▶ **WHAT THE TASK REQUIRES**
What you return should be the full listing, word for word, without a single image.

*-*-*

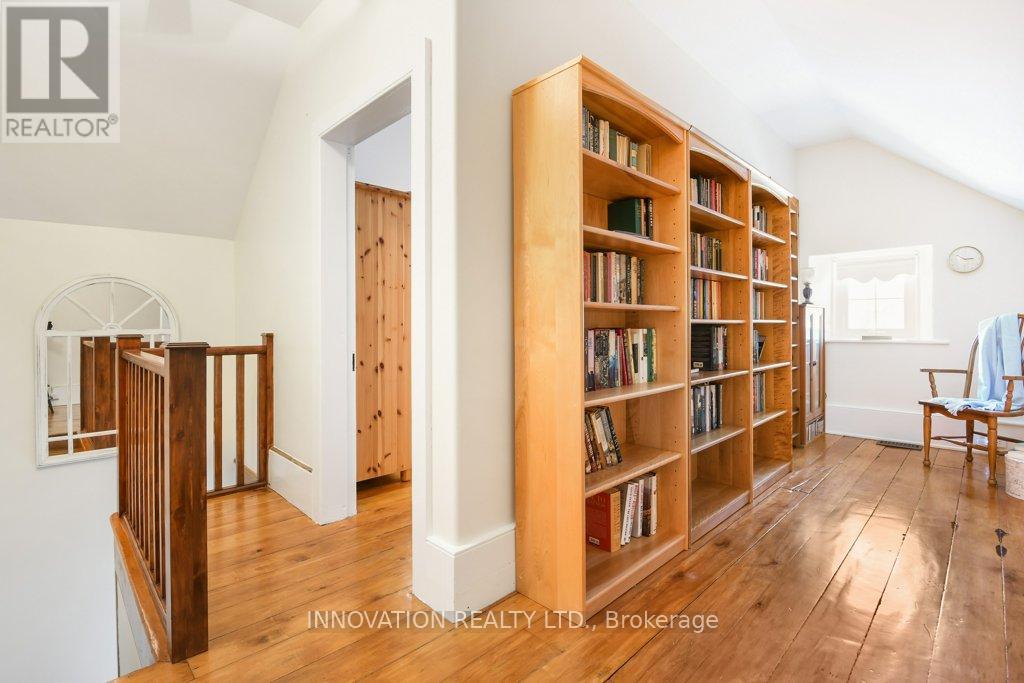 1348 Derry Side Road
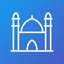 My Daily Hadith icon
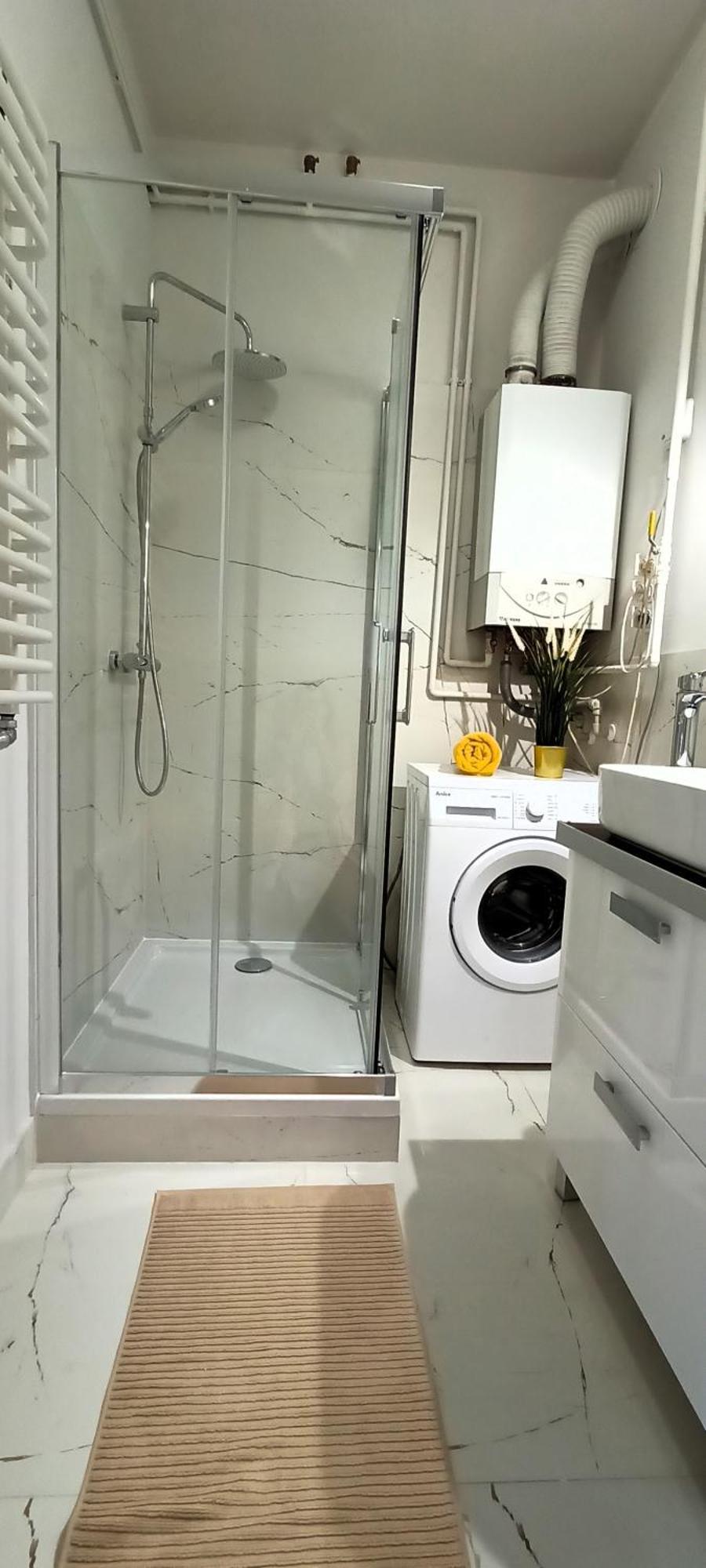 Apartament Zloty Swietoduska 12 Lublin Eksteriør billede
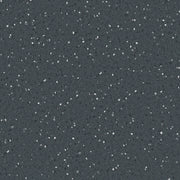 Windjana 2mm Vinyl Flooring (VA113)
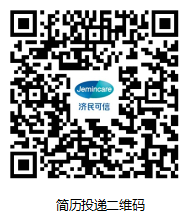 微信截图_20240407144022.png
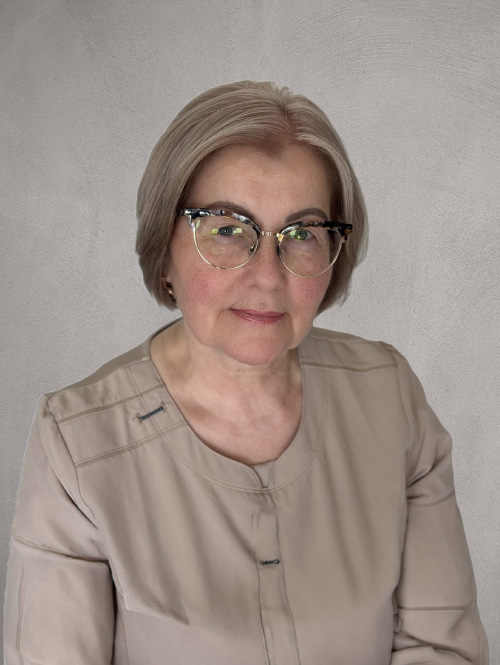 Sandra Zaķe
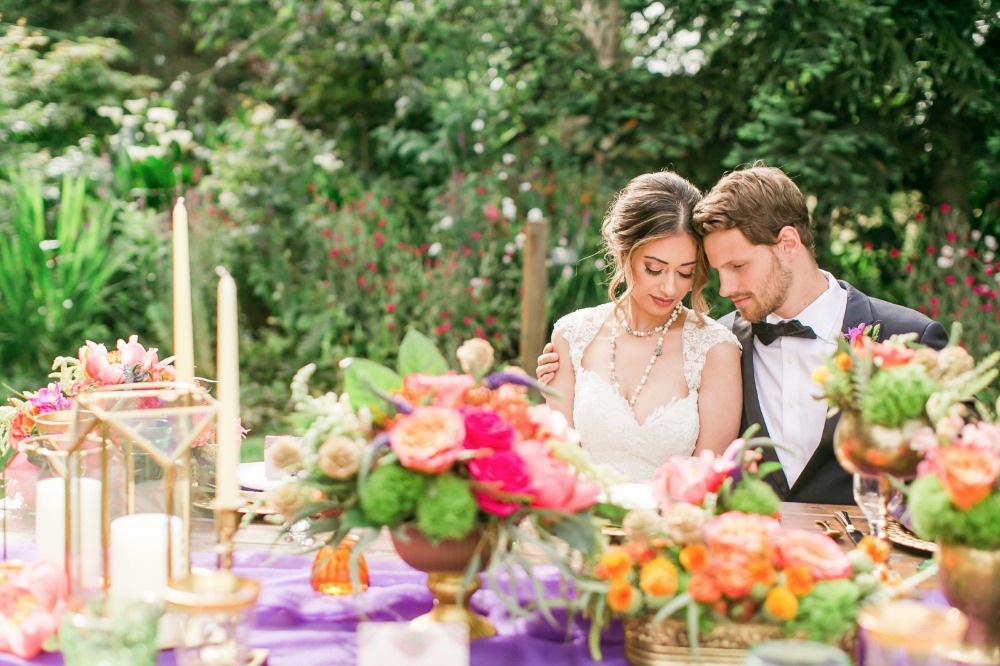 wedding-submission-from-little-wedding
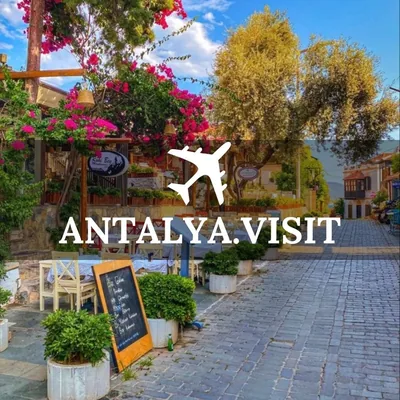 @antalya.visit profile image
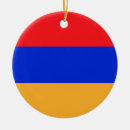 Suche nach armenien ornamente Rot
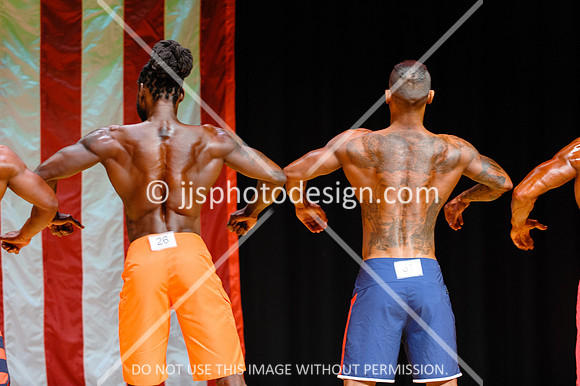 20190420_Men_Phys_Nov_B-70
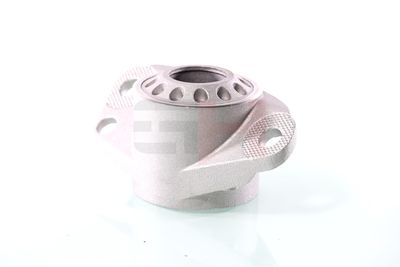 GH - Opravná sada horného uloženia tlmiča AUDI, SEAT, SKODA, VW , GH-364778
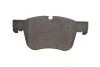 Колодки гальмівні (передні) Citroen C4 Picasso/Grand Picasso/Peugeot 308 13- (opt-om) MEYLE 025 258 3317 (фото 6)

*-*-*

▶ **RESULT FOR THIS TASK**
 1348 Derry Side Road
 My Daily Hadith icon
 Apartament Zloty Swietoduska 12 Lublin Eksteriør billede
 Windjana 2mm Vinyl Flooring (VA113)
 微信截图_20240407144022.png
 Sandra Zaķe
 wedding-submission-from-little-wedding
 @antalya.visit profile image
 Suche nach armenien ornamente Rot
 20190420_Men_Phys_Nov_B-70
 GH - Opravná sada horného uloženia tlmiča AUDI, SEAT, SKODA, VW , GH-364778
 Колодки гальмівні (передні) Citroen C4 Picasso/Grand Picasso/Peugeot 308 13- (opt-om) MEYLE 025 258 3317 (фото 6)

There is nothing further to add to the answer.